Lorsque je suis arrivée au lycée il y a un an, je n'avais jamais participé à un blocus. Je ne savais pas encore ce que voulait dire ACAB (« all cops are bastards ») pourtant je le criais lors de mes premières mobilisations. Au début, les jeunes qui s'engagent n'ont pas forcément les codes de cette forme de contestation très particulière qu'est le blocus. Bien qu'illégal, il est un moyen de lutter pour des causes que les jeunes ont envie de défendre : contre la loi immigration, pour une paix à Gaza.

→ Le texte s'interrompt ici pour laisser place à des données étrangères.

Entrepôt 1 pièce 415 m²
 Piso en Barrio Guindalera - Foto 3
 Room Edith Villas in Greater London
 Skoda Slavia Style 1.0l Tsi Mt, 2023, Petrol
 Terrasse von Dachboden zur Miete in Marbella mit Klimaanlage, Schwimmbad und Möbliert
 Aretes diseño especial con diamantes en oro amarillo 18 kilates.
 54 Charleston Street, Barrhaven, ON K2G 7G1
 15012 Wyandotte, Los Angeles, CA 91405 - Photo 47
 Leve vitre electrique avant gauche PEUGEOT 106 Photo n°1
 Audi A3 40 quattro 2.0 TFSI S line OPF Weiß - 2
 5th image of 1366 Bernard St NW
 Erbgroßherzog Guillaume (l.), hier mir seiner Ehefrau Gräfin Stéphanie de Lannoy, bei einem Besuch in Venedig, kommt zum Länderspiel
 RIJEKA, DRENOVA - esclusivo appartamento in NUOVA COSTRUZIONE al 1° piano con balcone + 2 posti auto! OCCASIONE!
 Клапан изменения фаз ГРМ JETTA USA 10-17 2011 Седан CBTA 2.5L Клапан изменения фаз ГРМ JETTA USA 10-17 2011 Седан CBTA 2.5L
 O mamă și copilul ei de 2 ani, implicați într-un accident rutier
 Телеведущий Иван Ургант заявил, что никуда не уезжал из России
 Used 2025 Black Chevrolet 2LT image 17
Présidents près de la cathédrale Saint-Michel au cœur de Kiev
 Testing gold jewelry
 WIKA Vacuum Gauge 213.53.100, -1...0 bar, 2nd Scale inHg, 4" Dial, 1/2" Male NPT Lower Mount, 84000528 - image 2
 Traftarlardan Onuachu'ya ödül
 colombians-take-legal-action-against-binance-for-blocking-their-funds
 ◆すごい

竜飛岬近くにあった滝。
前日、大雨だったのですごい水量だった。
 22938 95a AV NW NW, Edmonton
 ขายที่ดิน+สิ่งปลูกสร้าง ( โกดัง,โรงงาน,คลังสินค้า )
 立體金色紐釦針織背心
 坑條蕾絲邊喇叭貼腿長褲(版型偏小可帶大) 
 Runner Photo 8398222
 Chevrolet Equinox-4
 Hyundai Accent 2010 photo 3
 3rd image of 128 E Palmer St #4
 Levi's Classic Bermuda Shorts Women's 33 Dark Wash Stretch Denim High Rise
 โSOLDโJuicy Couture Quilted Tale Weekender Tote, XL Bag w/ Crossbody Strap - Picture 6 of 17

Malgré tout, les élèves qui sont mobilisés dans les blocus n'ont pas toujours des motivations très claires, ce qui pose problème, surtout pour la crédibilité du mouvement. Les personnes à l'origine des mobilisations ont donc une responsabilité, celle de favoriser les discussions entre les élèves au sein du lycée, pour se mettre d'accord sur les revendications. Mais ce n'est pas toujours possible. En effet, la tenue d'assemblées générales, en amont des blocus est rarement assurée, et lorsqu'elle l'est, très peu de lycéen·nes y assistent. Pourtant, les élèves ont le droit à une liberté de réunion au sein même de leurs établissements. Or, encadrer le mouvement peut permettre d'éviter ou du moins d'anticiper les débordements qui peuvent survenir lorsque les lycéens ne se sont pas fixés de limites.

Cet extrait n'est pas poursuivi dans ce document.